Exercise objective: No line before the one holding "ZONE 27. Plan de 1 pièce et 18 m2" is wanted; restate word for word that line and all lines after it to the end of the entries, excluding pictures.

Dataset entries
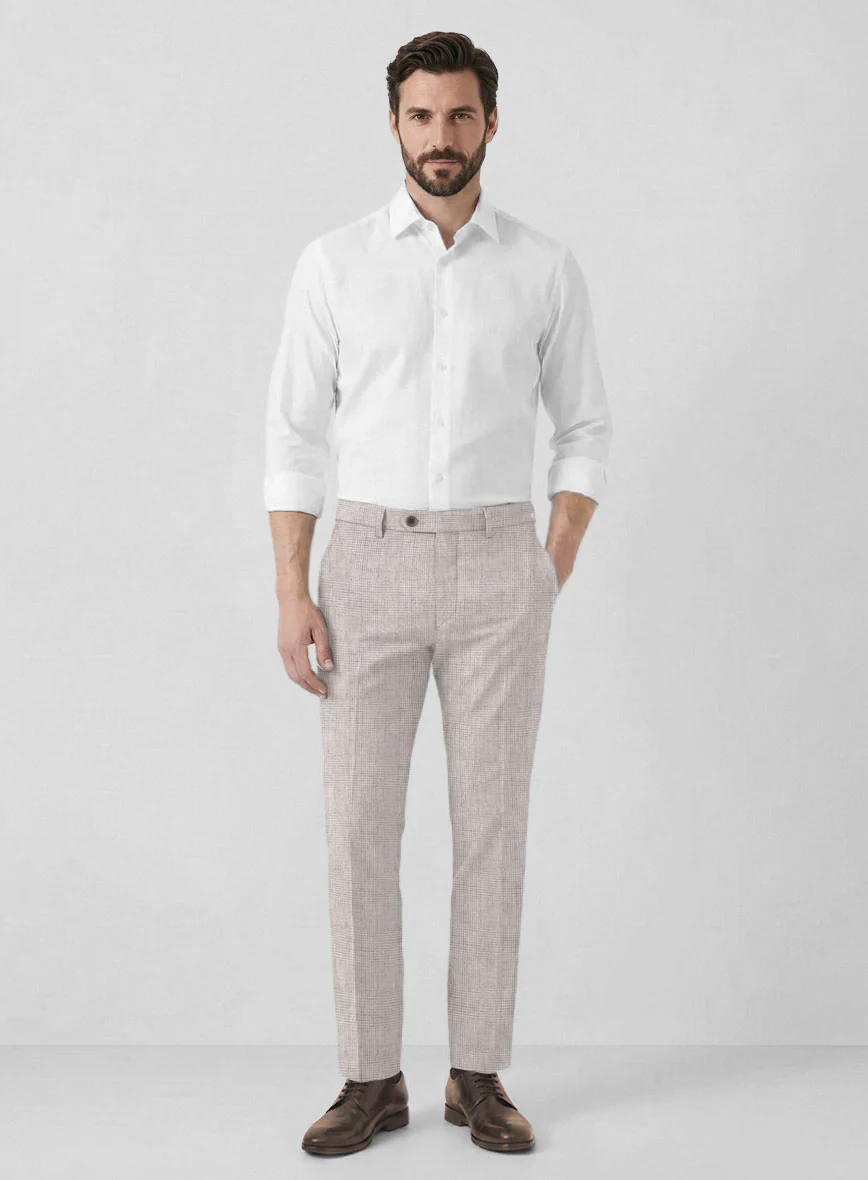 Solbiati Light Beige Check Linen Suit - Image 7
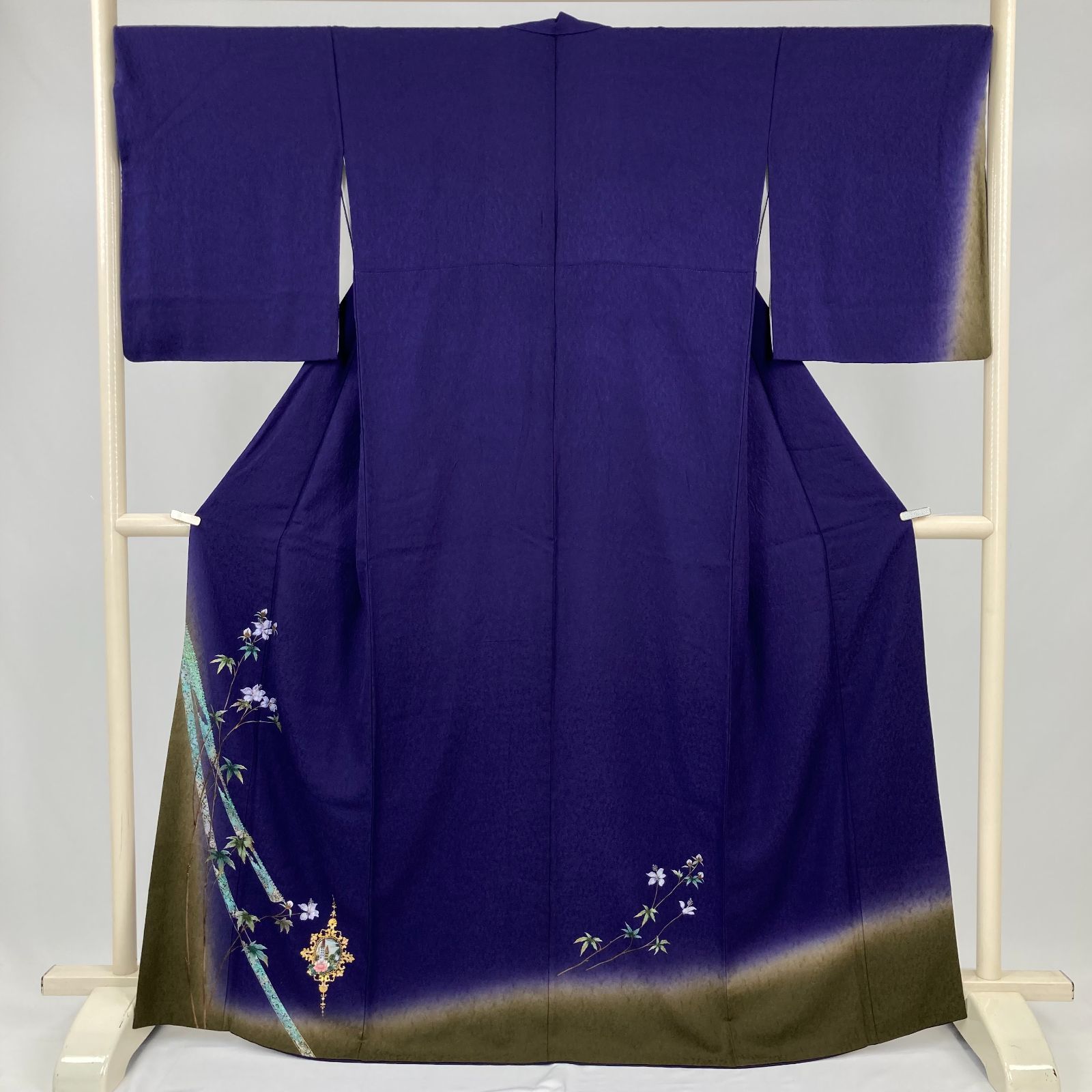 たんす屋 着物 リユース着物 付け下げ 青紫 セミフォーマル 花 リボン カメオ 袷 絹 未洗い 身丈 160.5cm 裄丈 70cm MS5778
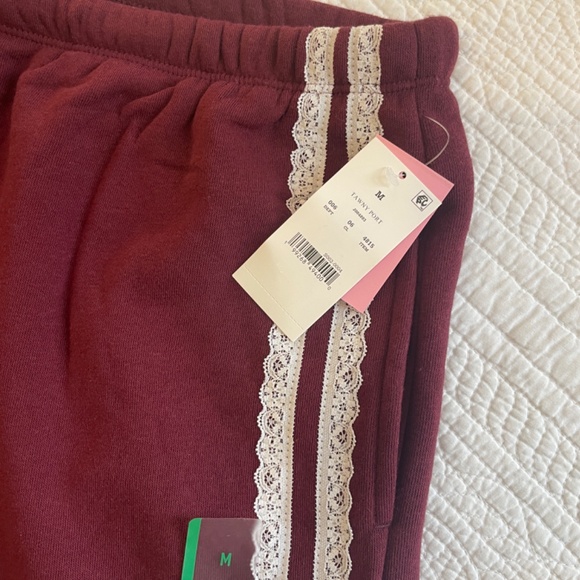 Women's Burgundy Track Pants with Lace Stripes NWT - Picture 4 of 4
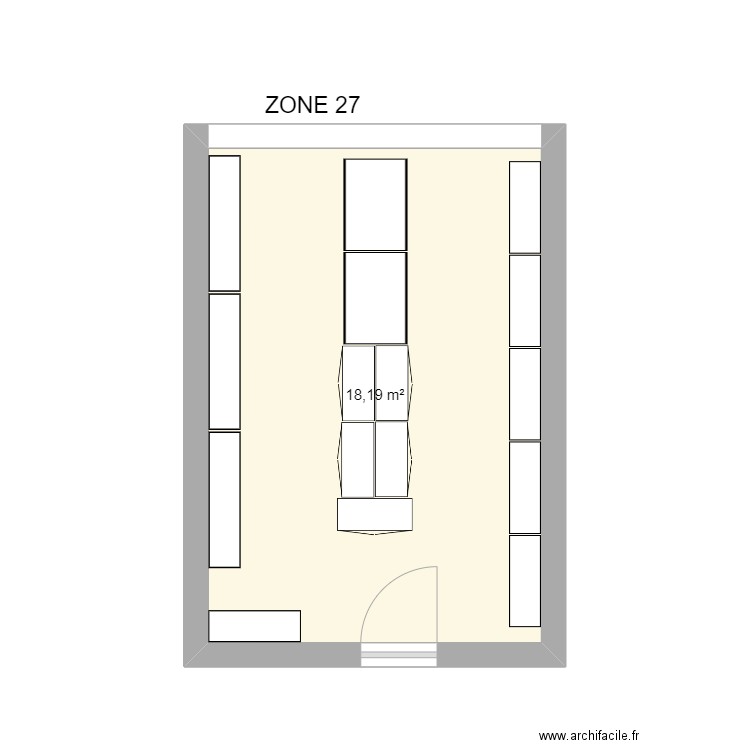 ZONE 27. Plan de 1 pièce et 18 m2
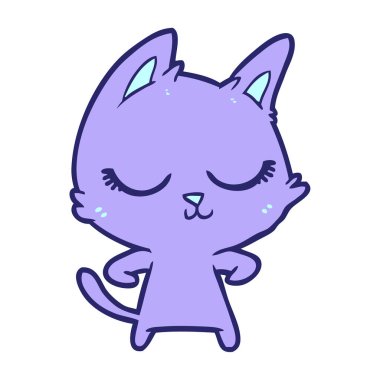 Sakin çizgi film kedisi parlak neon renkli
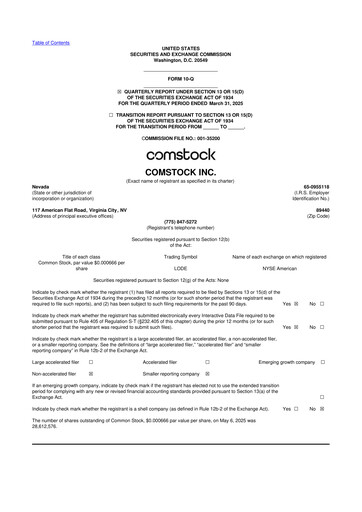 Thumbnail Comstock Inc. 10-Q Quarterly Report FY2025 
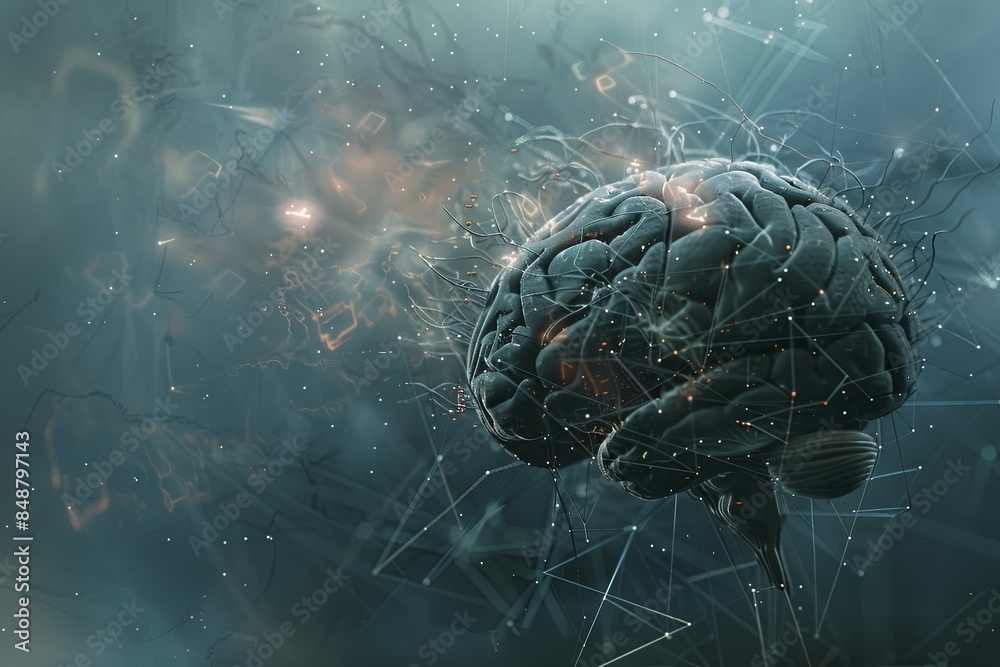 Fototapete an abstract visualization depicting the fusion of human intelligence and artificial intelligence thr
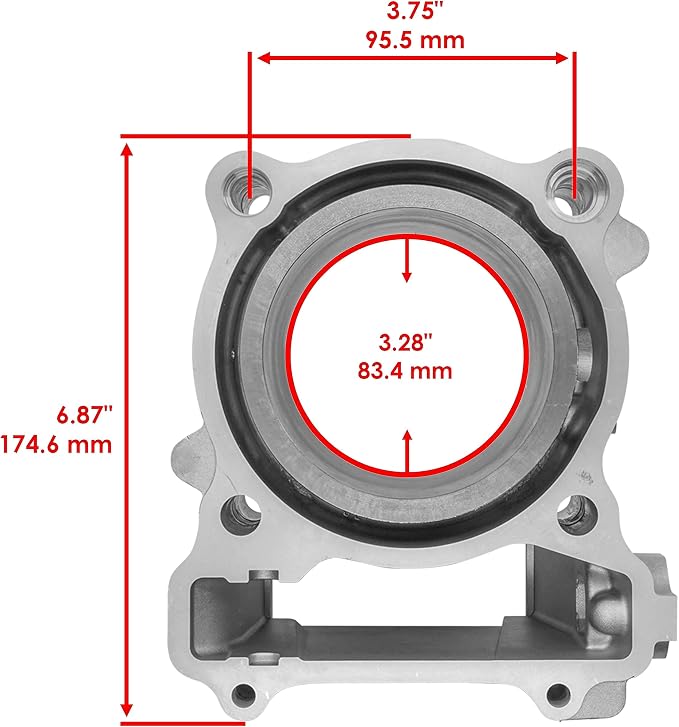 Caltric Cylinder Kit Compatible with Yamaha Kodiak 400 YFM400FAH 4x4 Hunter 2001 2002 2003 2004 2005 2006
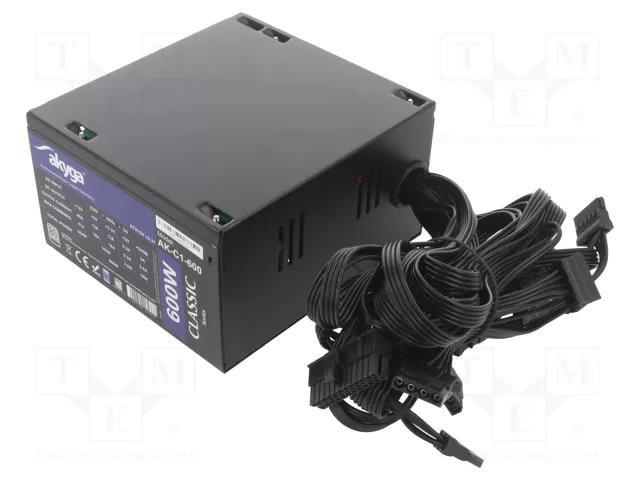 Power supply: computer; ATX; 600W; 3.3/5/12V; Features: fan 12cm AKYGA AK-C1-600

Reply to the task:
 ZONE 27. Plan de 1 pièce et 18 m2
 Sakin çizgi film kedisi parlak neon renkli
 Thumbnail Comstock Inc. 10-Q Quarterly Report FY2025 
 Fototapete an abstract visualization depicting the fusion of human intelligence and artificial intelligence thr
 Caltric Cylinder Kit Compatible with Yamaha Kodiak 400 YFM400FAH 4x4 Hunter 2001 2002 2003 2004 2005 2006
 Power supply: computer; ATX; 600W; 3.3/5/12V; Features: fan 12cm AKYGA AK-C1-600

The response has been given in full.